Nizam's Institute of Medical Sciences, Department of Pharmacology and Therapeutics, Telangana, India.
Nizam's Institute of Medical Sciences, Department of Pharmacology and Therapeutics, Telangana, India.
Phytomedicine. 2022 Oct;105:154334. doi: 10.1016/j.phymed.2022.154334. Epub 2022 Jul 19.
Accelerated bone loss associated with aging and estrogen withdrawal is mediated in part by increased oxidative stress and inflammation.
Investigate dietary supplementation with a standardized aqueous extract of shilajit with clinically demonstrated antioxidant, anti-inflammatory, and collagen-promoting activity on attenuating bone loss in postmenopausal women with osteopenia.
Sixty postmenopausal women aged 45 - 65 years with osteopenia were randomized to receive 1 of 3 treatments daily for 48 weeks: (1) placebo, (2) 250 mg shilajit extract, or (3) 500 mg shilajit extract. Bone mineral density (BMD) of the lumbar spine (LS) and femoral neck (FN) were measured at weeks 0, 24, and 48, and circulating markers of bone turnover (CTX-1, BALP, RANKL, OPG), oxidative stress (MDA, GSH), and inflammation (hsCRP) at weeks 0, 12, 24, and 48.
BMD of both the LS and FN progressively decreased in women receiving placebo but was dose-dependently attenuated with shilajit extract supplementation, resulting in significantly increased percentage changes from baseline in BMD at 24- and 48-weeks in both supplemented groups compared to placebo (p < 0.001). CTX-1, BALP, and RANKL decreased, whereas OPG increased, in both groups supplemented with the shilajit extract, but not in the placebo group, resulting in significantly decreased or increased percentage changes from baseline, respectively. MDA was significantly decreased (p < 0.001) and GSH was significantly increased (p < 0.001) in both supplemented groups compared to placebo from week 12 for the duration of the study. Progressive reductions in hsCRP were observed in both supplemented groups, resulting in significantly decreased percentage changes from baseline in supplemented women compared to placebo (p < 0.001).
Daily supplementation with this shilajit extract supports BMD in postmenopausal women with osteopenia in part by attenuating the increased bone turnover, inflammation and oxidative stress that coincides with estrogen deficiency in this population at increased risk for osteoporosis and bone fractures.
与衰老和雌激素缺乏相关的加速骨丢失部分是由氧化应激和炎症增加介导的。
研究具有临床抗氧化、抗炎和促进胶原蛋白作用的标准化水提希拉杰特膳食补充剂对绝经后骨质疏松症妇女骨丢失的影响。
60 名年龄在 45-65 岁之间的绝经后骨质疏松症妇女被随机分为 3 组,每天接受 1 种治疗,共 48 周:(1)安慰剂,(2)250mg 希拉杰特提取物,或(3)500mg 希拉杰特提取物。
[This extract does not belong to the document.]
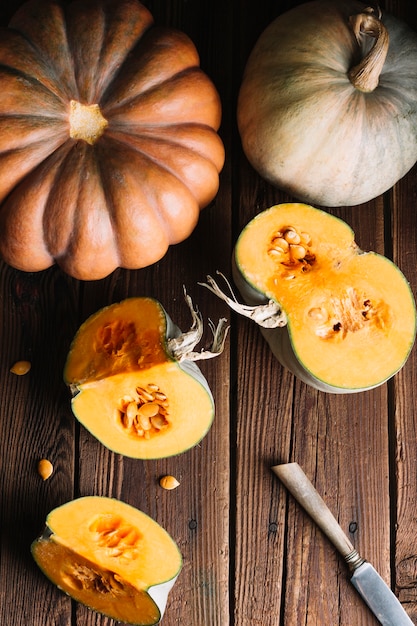 Free photo top view variety of pumpkins on wooden background and knife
在 0、24 和 48 周时测量腰椎(LS)和股骨颈(FN)的骨矿物质密度(BMD),在 0、12、24 和 48 周时测量循环骨转换标志物(CTX-1、BALP、RANKL、OPG)、氧化应激(MDA、GSH)和炎症(hsCRP)标志物。
接受安慰剂的妇女的 LS 和 FN 的 BMD 逐渐下降,但希拉杰特提取物补充剂呈剂量依赖性减弱,导致与安慰剂组相比,补充组在 24 和 48 周时的 BMD 百分比变化显著增加(p<0.001)。CTX-1、BALP 和 RANKL 在补充希拉杰特提取物的两组中降低,而 OPG 增加,但在安慰剂组中没有,导致分别从基线的百分比变化显著降低或增加。从第 12 周开始,与安慰剂相比,两组的 MDA 均显著降低(p<0.001),GSH 显著升高(p<0.001),持续整个研究期间。在补充组中观察到 hsCRP 的逐渐降低,与安慰剂组相比,补充组的 hsCRP 百分比变化显著降低(p<0.001)。
每日补充这种希拉杰特提取物可支持绝经后骨质疏松症妇女的 BMD,部分原因是通过减弱与该人群中雌激素缺乏相关的增加的骨转换、炎症和氧化应激,从而降低了骨质疏松症和骨折风险增加的风险。